◆ **Problem description**: When the line with "Зачасти honda akkord 5" turns up below, begin repeating exactly, and carry on through the line with "Predictive analytics for business growth"; no pictures go into the copy.

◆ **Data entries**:
----------

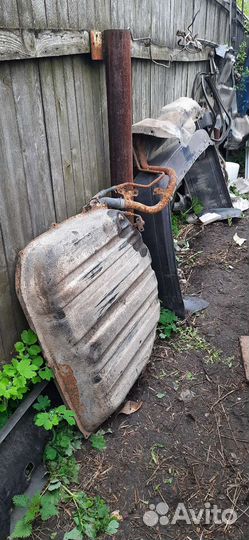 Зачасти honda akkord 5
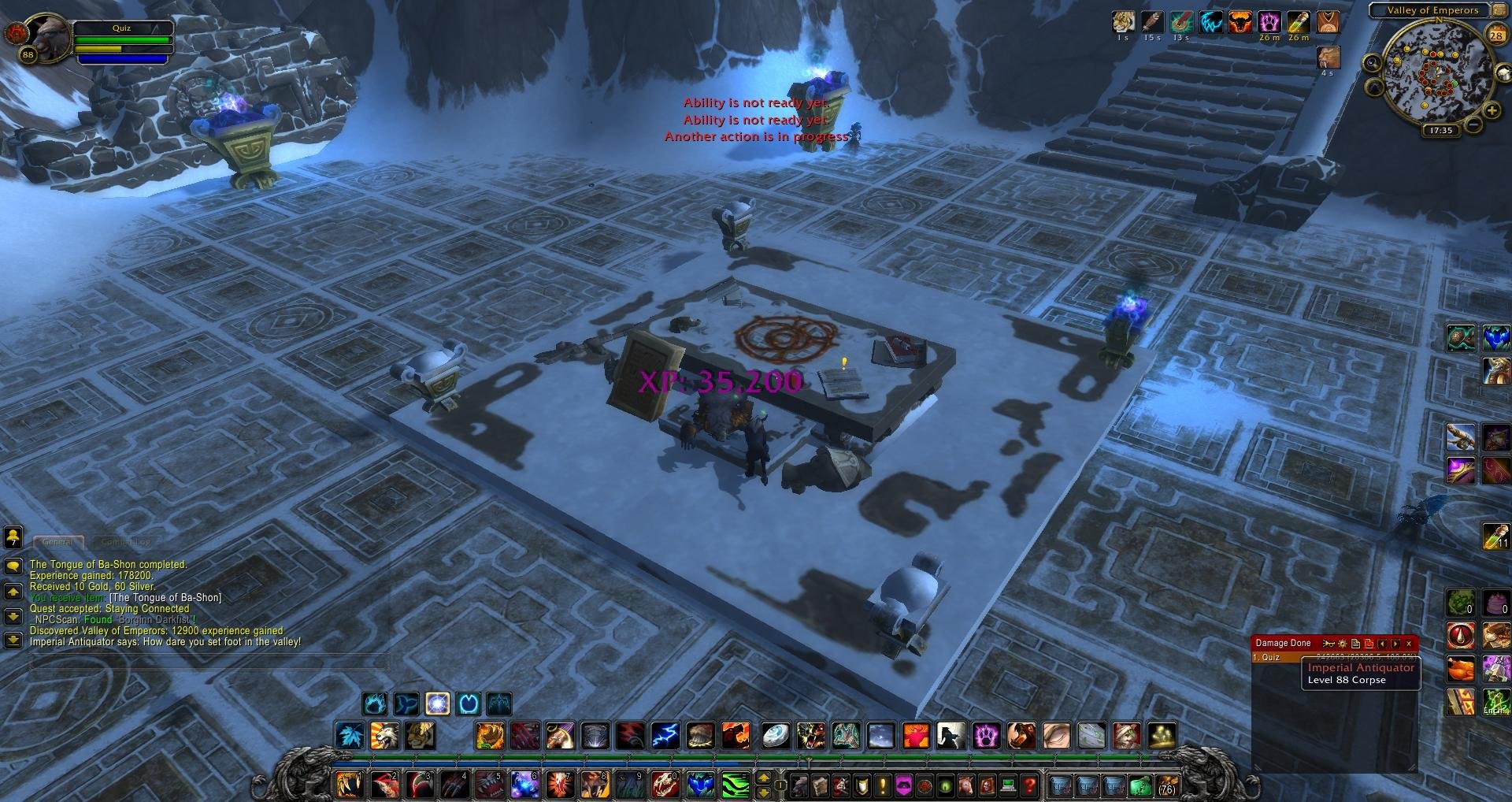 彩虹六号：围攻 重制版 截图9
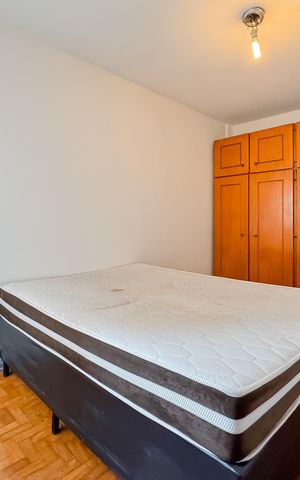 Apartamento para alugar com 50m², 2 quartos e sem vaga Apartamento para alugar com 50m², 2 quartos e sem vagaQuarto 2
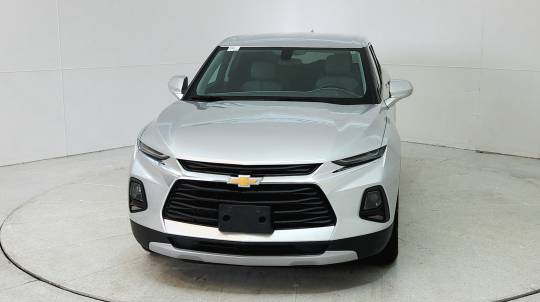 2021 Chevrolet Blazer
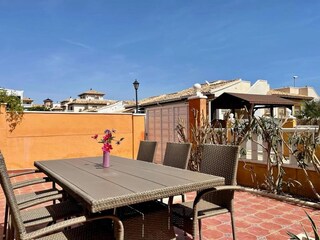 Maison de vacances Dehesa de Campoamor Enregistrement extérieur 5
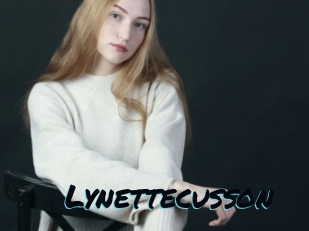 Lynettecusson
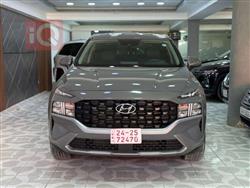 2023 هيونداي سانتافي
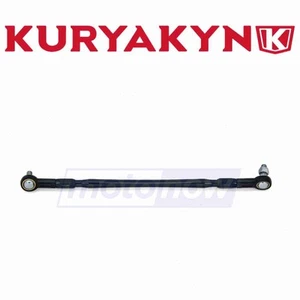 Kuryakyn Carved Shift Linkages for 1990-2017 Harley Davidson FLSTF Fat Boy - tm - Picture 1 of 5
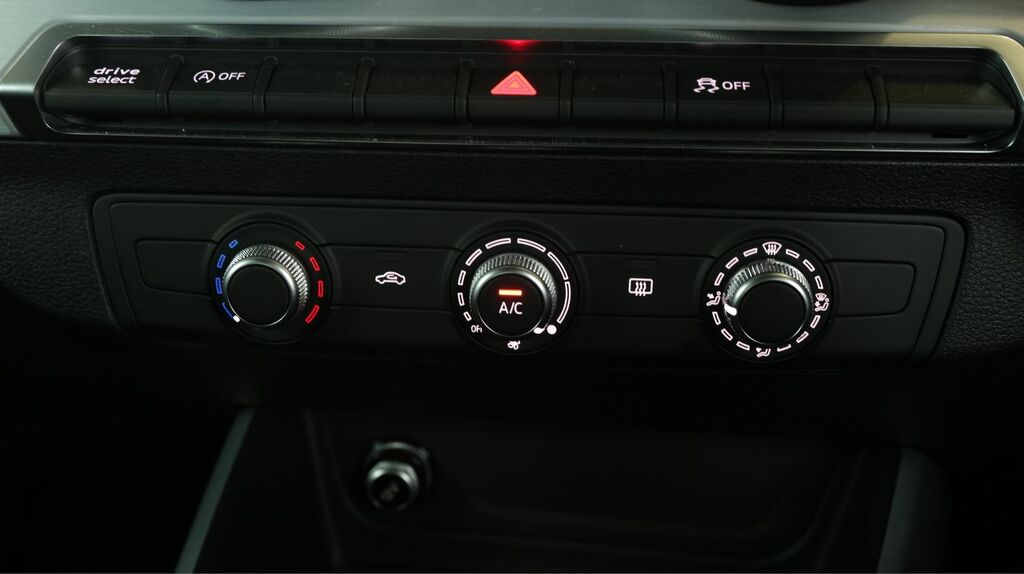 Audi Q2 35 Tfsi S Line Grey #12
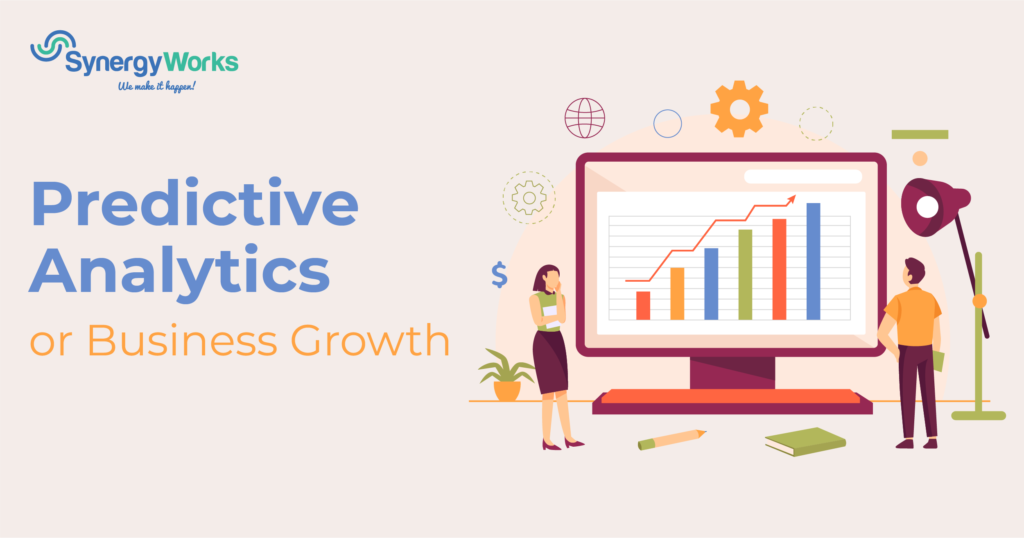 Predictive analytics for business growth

----------

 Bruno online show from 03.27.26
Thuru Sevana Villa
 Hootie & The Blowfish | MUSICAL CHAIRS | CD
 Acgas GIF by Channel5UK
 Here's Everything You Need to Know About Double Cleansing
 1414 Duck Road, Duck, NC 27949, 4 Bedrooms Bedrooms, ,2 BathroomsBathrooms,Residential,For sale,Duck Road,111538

----------

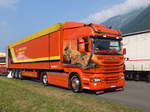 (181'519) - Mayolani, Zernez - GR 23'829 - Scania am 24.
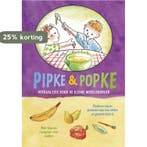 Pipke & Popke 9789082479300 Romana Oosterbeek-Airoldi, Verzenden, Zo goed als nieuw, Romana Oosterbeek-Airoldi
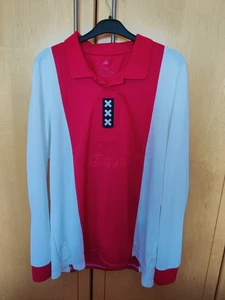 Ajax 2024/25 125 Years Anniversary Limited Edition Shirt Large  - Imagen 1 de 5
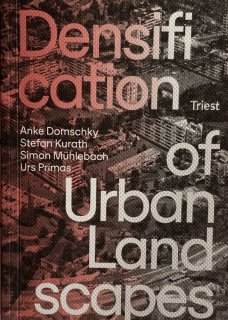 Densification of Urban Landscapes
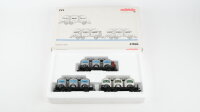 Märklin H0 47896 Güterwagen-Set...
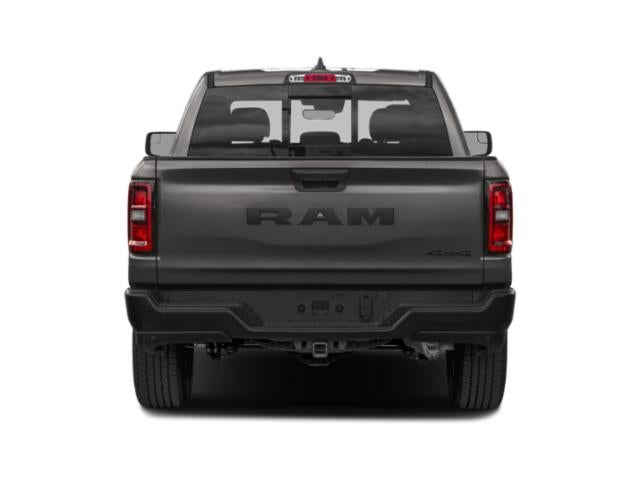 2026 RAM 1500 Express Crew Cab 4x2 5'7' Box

----------

◆ **Result of this task**:
 Зачасти honda akkord 5
 彩虹六号：围攻 重制版 截图9
 Apartamento para alugar com 50m², 2 quartos e sem vaga Apartamento para alugar com 50m², 2 quartos e sem vagaQuarto 2
 2021 Chevrolet Blazer
 Maison de vacances Dehesa de Campoamor Enregistrement extérieur 5
 Lynettecusson
 2023 هيونداي سانتافي
 Kuryakyn Carved Shift Linkages for 1990-2017 Harley Davidson FLSTF Fat Boy - tm - Picture 1 of 5
 Audi Q2 35 Tfsi S Line Grey #12
 Predictive analytics for business growth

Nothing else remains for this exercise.